15 Mars. La discussion fut reprise par M. le président du Conseil, qui aborda franchement et hardiment la question politique, en avertissant la Chambre qu'on lui demandait, non pas de l'argent, non pas des fonds secrets, mais sa confiance.

⚫ Messieurs, ajouta-t-il, les personnes ne sont rien, c'est le pays qui est tout; ce qu'il lui faut, c'est un Gouvernement qui ait la force d'accomplir sa mission; c'est un ministère qui ait sa confiance et la vôtre. Avant tout, cherchons à apprécier notre situation à tous, et, pour y parvenir, reportons-nous d'abord en arrière. »

Le ministre orateur rappelait toutes les combinaisons, toutes les circonstances qui avaient présidé à la formation du Cabinet du 15 avril; combien il avait supporté de repulsions et de colères: c'était un ministère incertain et négatif. L'amnistie par lui accordée fût pour plusieurs l'occasion de sinistres prophéties et une marque de sa faiblesse. Le bruit se répandit que le ministère se proposait de renouveler les Chambres; la tempête devint terrible. C'était remettre en question la dynastie de juillet. Le plan du Cabinet avait été de modifier le présent et puis d'assurer l'avenir. Enfin, cette situation était pesante pour un homme de cœur, et le président du Conseil avait hâte d'en sortir, d'autant que l'adresse avait dû tout expliquer. Quant à la somme des fonds secrets, il s'exprimait ainsi en terminant son discours :

Le chiffre que nous vous présentons nous est indispensable. Il faut bien, Messieurs, que nous en ayons la conviction. Lorsqu'il s'agit de fonds dont on ne doit aucun compte, le chiffre ne saurait se poser légèrement. Avant de le déterminer, on doit se rendre à soi-même un compte rigoureux du besoin qu'on en a, un compte sévère de l'emploi qu'on en doit faire. Ainsi, pas de réduction possible, et je dirai, en me résumant, que toute réduction nous paraîtrait un refus formel de confiance.

• Messieurs, c'est à vous maintenant à porter votre arrêt. Vous arrivez de tous les points de la France, vous savez quel mandat vous avez reçu.

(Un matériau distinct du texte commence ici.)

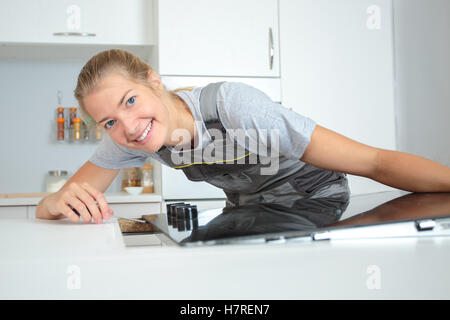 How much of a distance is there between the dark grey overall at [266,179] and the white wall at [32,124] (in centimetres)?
163

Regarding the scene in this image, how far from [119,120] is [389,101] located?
1753mm

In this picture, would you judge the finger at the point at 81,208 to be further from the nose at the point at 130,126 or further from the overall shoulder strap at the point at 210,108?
the overall shoulder strap at the point at 210,108

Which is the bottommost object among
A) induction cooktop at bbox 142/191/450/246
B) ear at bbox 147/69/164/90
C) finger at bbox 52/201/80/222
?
finger at bbox 52/201/80/222

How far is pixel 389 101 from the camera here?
2.38 meters

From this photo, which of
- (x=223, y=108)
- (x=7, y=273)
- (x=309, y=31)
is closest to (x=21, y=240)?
(x=7, y=273)

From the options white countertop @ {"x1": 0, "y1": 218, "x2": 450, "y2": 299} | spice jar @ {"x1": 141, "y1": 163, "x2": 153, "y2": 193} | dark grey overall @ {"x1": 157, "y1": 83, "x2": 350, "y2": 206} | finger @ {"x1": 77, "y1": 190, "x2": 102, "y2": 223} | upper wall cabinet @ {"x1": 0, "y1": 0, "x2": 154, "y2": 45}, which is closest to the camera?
white countertop @ {"x1": 0, "y1": 218, "x2": 450, "y2": 299}

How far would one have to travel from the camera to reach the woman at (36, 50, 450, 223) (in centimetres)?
85

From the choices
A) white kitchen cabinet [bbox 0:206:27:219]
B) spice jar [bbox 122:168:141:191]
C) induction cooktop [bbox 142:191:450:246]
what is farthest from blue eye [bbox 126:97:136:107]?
spice jar [bbox 122:168:141:191]

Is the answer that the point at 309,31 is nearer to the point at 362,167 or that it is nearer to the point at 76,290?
the point at 362,167

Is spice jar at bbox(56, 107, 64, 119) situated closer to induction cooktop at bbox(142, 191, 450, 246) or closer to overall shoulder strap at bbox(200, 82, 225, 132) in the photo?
overall shoulder strap at bbox(200, 82, 225, 132)

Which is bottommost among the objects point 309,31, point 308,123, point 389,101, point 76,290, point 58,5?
point 76,290

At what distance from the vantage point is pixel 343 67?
2.34 m

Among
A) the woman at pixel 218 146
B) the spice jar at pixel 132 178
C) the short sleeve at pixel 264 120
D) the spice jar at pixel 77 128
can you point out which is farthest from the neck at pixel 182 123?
the spice jar at pixel 77 128

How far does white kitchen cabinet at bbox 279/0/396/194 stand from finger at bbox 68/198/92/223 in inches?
61.9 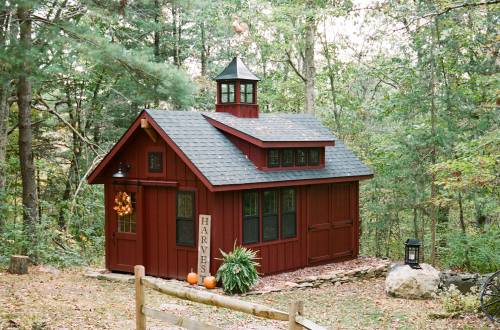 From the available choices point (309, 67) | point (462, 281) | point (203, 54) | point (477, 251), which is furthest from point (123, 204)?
point (203, 54)

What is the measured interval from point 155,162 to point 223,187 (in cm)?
236

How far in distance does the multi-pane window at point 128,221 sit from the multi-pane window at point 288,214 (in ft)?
12.3

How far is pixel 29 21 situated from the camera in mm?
15289

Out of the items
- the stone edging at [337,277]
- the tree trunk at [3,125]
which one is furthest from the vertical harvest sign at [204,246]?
the tree trunk at [3,125]

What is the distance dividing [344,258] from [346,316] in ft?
17.7

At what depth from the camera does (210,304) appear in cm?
718

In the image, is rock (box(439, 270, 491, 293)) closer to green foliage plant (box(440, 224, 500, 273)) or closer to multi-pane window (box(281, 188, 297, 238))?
green foliage plant (box(440, 224, 500, 273))

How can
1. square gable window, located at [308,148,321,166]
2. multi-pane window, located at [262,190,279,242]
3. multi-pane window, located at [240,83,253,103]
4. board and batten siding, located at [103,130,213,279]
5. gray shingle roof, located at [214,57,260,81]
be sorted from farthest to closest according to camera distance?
multi-pane window, located at [240,83,253,103] < gray shingle roof, located at [214,57,260,81] < square gable window, located at [308,148,321,166] < multi-pane window, located at [262,190,279,242] < board and batten siding, located at [103,130,213,279]

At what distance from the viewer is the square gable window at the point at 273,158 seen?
48.2ft

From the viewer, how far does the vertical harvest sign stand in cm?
1325

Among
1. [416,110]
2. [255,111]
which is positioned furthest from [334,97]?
[255,111]

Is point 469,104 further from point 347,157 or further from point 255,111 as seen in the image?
point 255,111

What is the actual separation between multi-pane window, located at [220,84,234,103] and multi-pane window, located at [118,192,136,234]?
12.7ft

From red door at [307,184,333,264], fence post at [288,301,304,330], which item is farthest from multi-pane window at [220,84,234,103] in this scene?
fence post at [288,301,304,330] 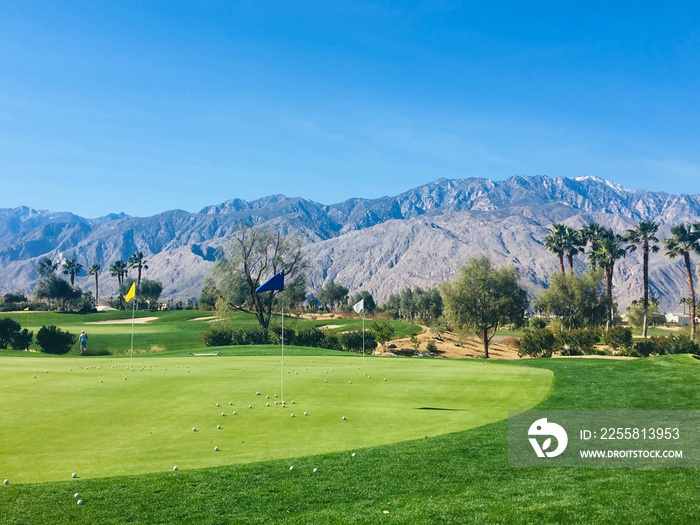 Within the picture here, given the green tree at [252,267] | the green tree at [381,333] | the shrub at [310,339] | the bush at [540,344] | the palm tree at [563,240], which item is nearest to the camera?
the shrub at [310,339]

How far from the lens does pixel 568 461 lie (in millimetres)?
10617

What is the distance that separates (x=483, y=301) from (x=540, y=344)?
7443mm

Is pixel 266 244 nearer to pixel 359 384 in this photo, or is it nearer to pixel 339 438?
pixel 359 384

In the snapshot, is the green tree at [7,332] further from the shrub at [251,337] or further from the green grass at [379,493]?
the green grass at [379,493]

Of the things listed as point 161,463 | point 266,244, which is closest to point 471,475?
point 161,463

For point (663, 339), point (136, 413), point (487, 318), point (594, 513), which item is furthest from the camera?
point (487, 318)

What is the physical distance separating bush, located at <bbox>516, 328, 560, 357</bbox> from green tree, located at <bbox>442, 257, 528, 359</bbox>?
13.7 ft

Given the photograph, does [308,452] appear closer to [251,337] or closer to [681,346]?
[251,337]

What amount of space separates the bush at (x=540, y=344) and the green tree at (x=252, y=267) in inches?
957

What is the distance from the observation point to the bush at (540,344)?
54062 mm

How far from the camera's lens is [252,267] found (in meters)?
63.0

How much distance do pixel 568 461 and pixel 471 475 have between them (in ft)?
6.78

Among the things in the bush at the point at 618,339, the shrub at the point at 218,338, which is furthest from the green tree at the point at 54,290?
the bush at the point at 618,339

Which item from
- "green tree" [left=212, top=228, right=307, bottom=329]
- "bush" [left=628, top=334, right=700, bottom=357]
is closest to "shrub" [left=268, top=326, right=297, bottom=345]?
"green tree" [left=212, top=228, right=307, bottom=329] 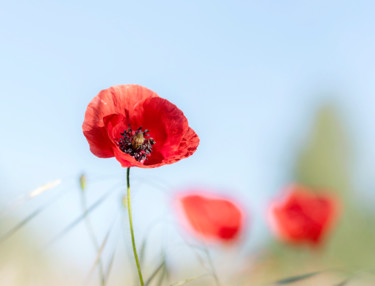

S'il nous est contraire, si l'on vous a dit: Hâtez-vous; allez renverser les dépositaires du pouvoir; si l'on vous a dit: Le ministère qui a fait l'amnistie, qui vous a confié pour cinq ans les affaires du pays, n'a pas votre confiance; remplissez votre mandat, Messieurs: nous saurons y obéir. Mais si au contraire on vous dit : Secondez ce ministère, donnez-lui l'appui dont il aura besoin pour lutter contre les passions de plus d'une nature coalisées contre lui; alors entourez-nous de votre confiance, et donnez-nous enfin les moyens de faire le bien. »

Succédant au chef du Cabinet, M. Odilon-Barrot s'armait des aveux de MM. Jaubert et Fulchiron, pour reconnaître un grave malaise dans la situation. Il voyait avec M. Molé l'action gouvernementale neutralisée, mais dans son esprit c'était une illusion complète que de croire que le vote des fonds secrets devait changer la situation.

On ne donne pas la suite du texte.